■ **Assigned task**:
Could you output the entries that follow exactly, omitting any pictures they contain?

###

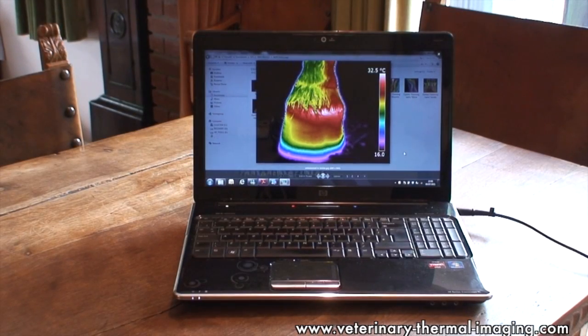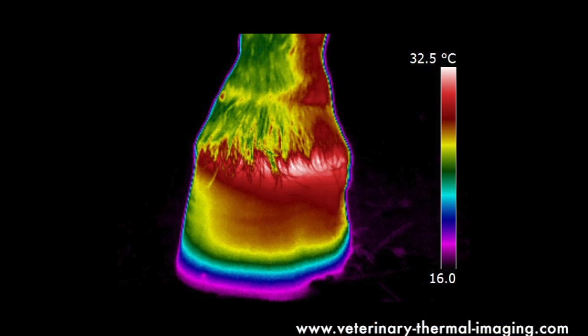This thermal image shows just how important correct hoof balance is. You can see a real widening of the thermal band towards the inside of this hoof, and you can also see the associated strain being placed on the supporting structures — the collateral ligaments — down the inside of the leg as well, up to the fetlock. So this horse is unbalanced to the inside. Where the horse is imbalanced and the hoof is in effect a bit too short, more pressure is being put through the leg on that side, and that pressure creates extra friction and heat, which the thermal imaging camera can pick up.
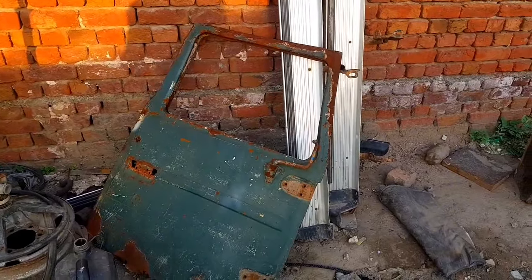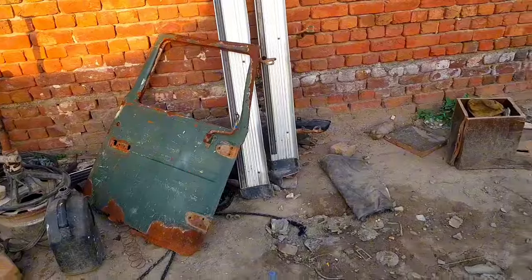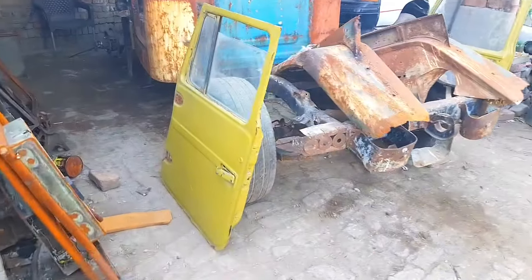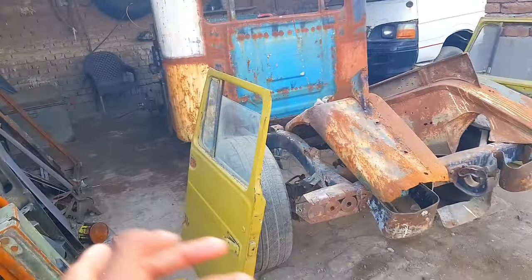The doors were in very rough and bad condition, as you can see. We had to buy new doors. The doors were already in this condition when the Jeep came to us, so we had to change them if we were going to do a good build. So we just bought new doors for it.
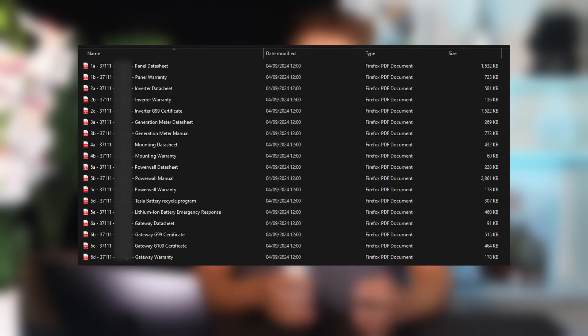The second folder in the handover pack is full of all the data sheets and certificates for the main kit that has been installed. For Sam's handover pack, there are data sheets for the GA solar panels, as well as the Powerwall 3 and the generation meter. There is also a certificate for his five year warranty with Spirit Energy, where if anything goes wrong in the first five years, we will come out and fix it free of charge.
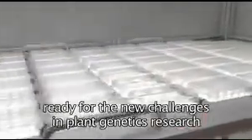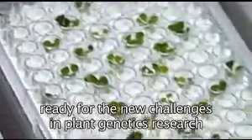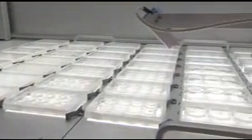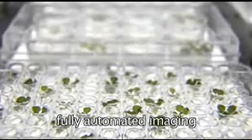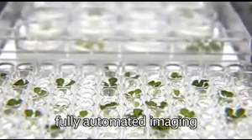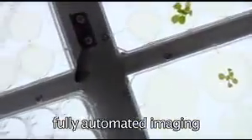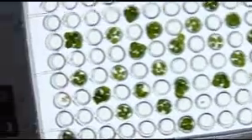The Lemnatec Scanalyzer HTS is equally able to scan adult Arabidopsis rosettes on trays and very small seedlings, insects, or other organisms in 96-well micro-titer plates. The system may image any of the following test objects: microscopic cell cultures or nematodes in water, microbiological colonies or Arabidopsis seeds, or in fact any other object up to the size of leaf rosettes with a diameter of 10 cm.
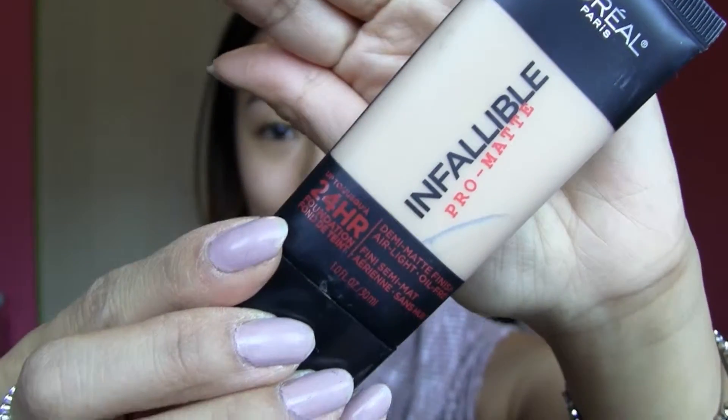I'm using my L'Oreal Infallible Pro Matte Foundation. This foundation is super matte — it's medium to full coverage and it stays on all day. And I'm just covering up my little freckles here. You can see already it's covered up a lot of my discoloration.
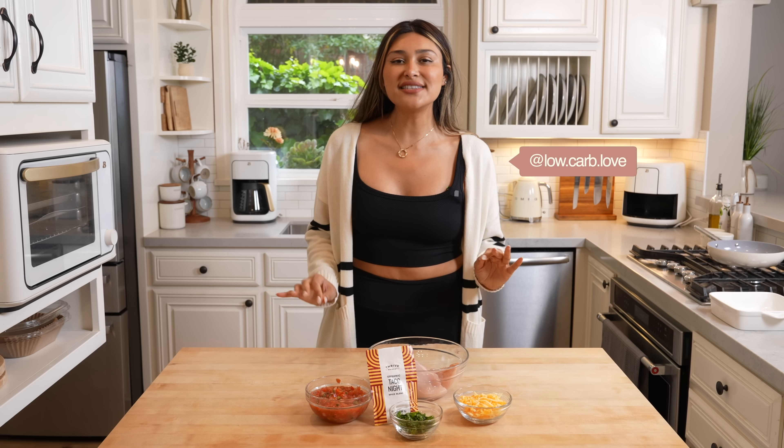Hey guys, welcome back to my channel. I'm Myra from Low Carb Love and today we are making dinner with just five ingredients in five minutes.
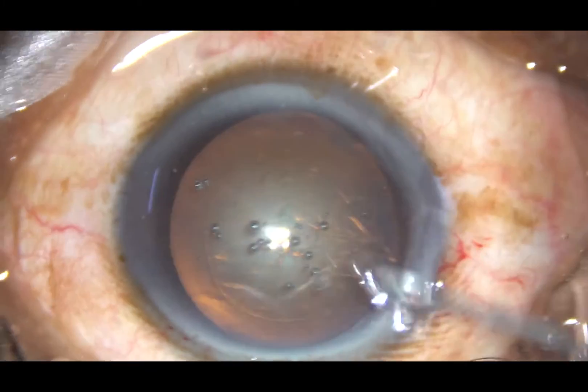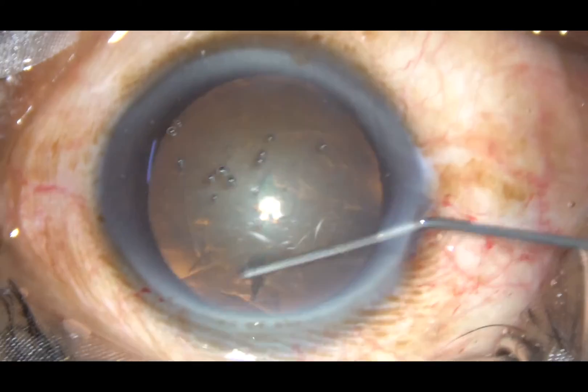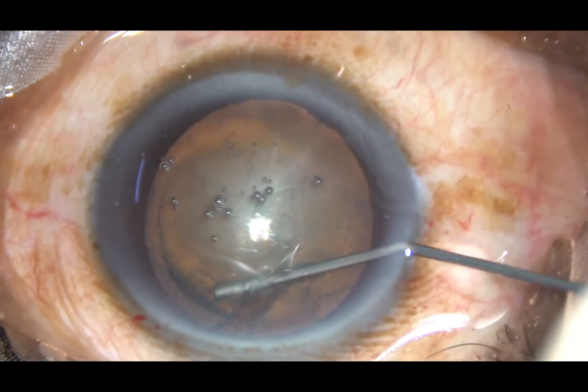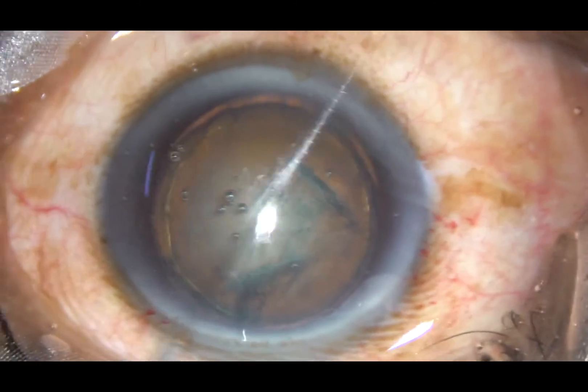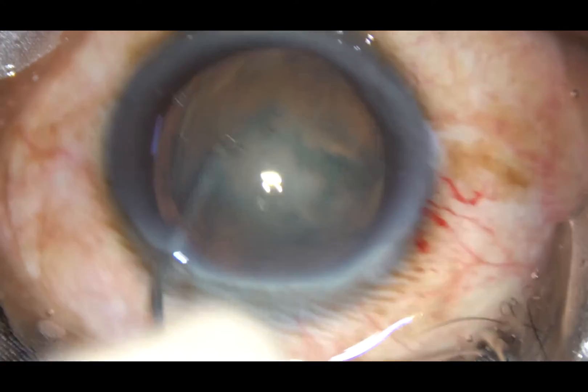Now hydrodissection and hydrodelineation are done. This is hydrodissection and this is hydrodelineation. The nucleus is then tapped and rotated.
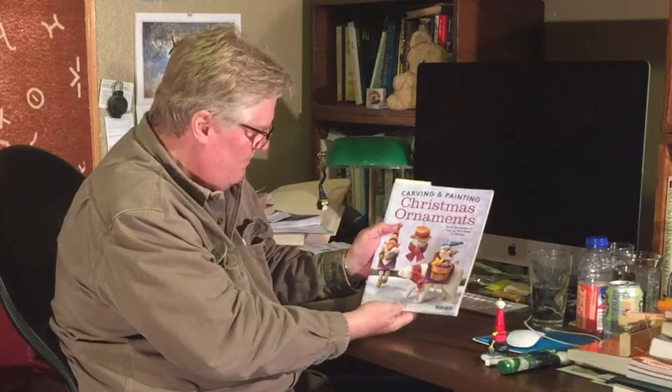Carving and Painting Christmas Ornaments by Betty Paden. It's one of my favorite books when it comes to wood carving. I think she's done a really great job. She's got 23 patterns — some that are very easy and really for beginners, and some that are more advanced and a little more challenging. But many of them are a lot of fun.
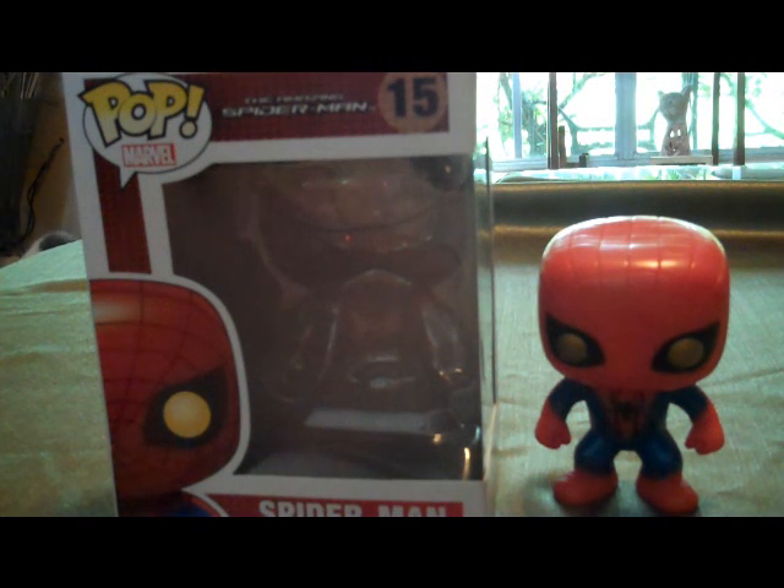I got him from Target. He was about $9. He wasn't on sale like the Avengers figures were, but I went ahead and picked him up because there weren't that many left and I was afraid they were going to sell out. So I went ahead and picked him up, and I'm glad I did — I really like it.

###

■ **Solution to this problem**:
This thermal image shows just how important correct hoof balance is. You can see a real widening of the thermal band towards the inside of this hoof, and you can also see the associated strain being placed on the supporting structures — the collateral ligaments — down the inside of the leg as well, up to the fetlock. So this horse is unbalanced to the inside. Where the horse is imbalanced and the hoof is in effect a bit too short, more pressure is being put through the leg on that side, and that pressure creates extra friction and heat, which the thermal imaging camera can pick up.
The doors were in very rough and bad condition, as you can see. We had to buy new doors. The doors were already in this condition when the Jeep came to us, so we had to change them if we were going to do a good build. So we just bought new doors for it.
The second folder in the handover pack is full of all the data sheets and certificates for the main kit that has been installed. For Sam's handover pack, there are data sheets for the GA solar panels, as well as the Powerwall 3 and the generation meter. There is also a certificate for his five year warranty with Spirit Energy, where if anything goes wrong in the first five years, we will come out and fix it free of charge.
The Lemnatec Scanalyzer HTS is equally able to scan adult Arabidopsis rosettes on trays and very small seedlings, insects, or other organisms in 96-well micro-titer plates. The system may image any of the following test objects: microscopic cell cultures or nematodes in water, microbiological colonies or Arabidopsis seeds, or in fact any other object up to the size of leaf rosettes with a diameter of 10 cm.
I'm using my L'Oreal Infallible Pro Matte Foundation. This foundation is super matte — it's medium to full coverage and it stays on all day. And I'm just covering up my little freckles here. You can see already it's covered up a lot of my discoloration.
Hey guys, welcome back to my channel. I'm Myra from Low Carb Love and today we are making dinner with just five ingredients in five minutes.
Now hydrodissection and hydrodelineation are done. This is hydrodissection and this is hydrodelineation. The nucleus is then tapped and rotated.
Carving and Painting Christmas Ornaments by Betty Paden. It's one of my favorite books when it comes to wood carving. I think she's done a really great job. She's got 23 patterns — some that are very easy and really for beginners, and some that are more advanced and a little more challenging. But many of them are a lot of fun.
I got him from Target. He was about $9. He wasn't on sale like the Avengers figures were, but I went ahead and picked him up because there weren't that many left and I was afraid they were going to sell out. So I went ahead and picked him up, and I'm glad I did — I really like it.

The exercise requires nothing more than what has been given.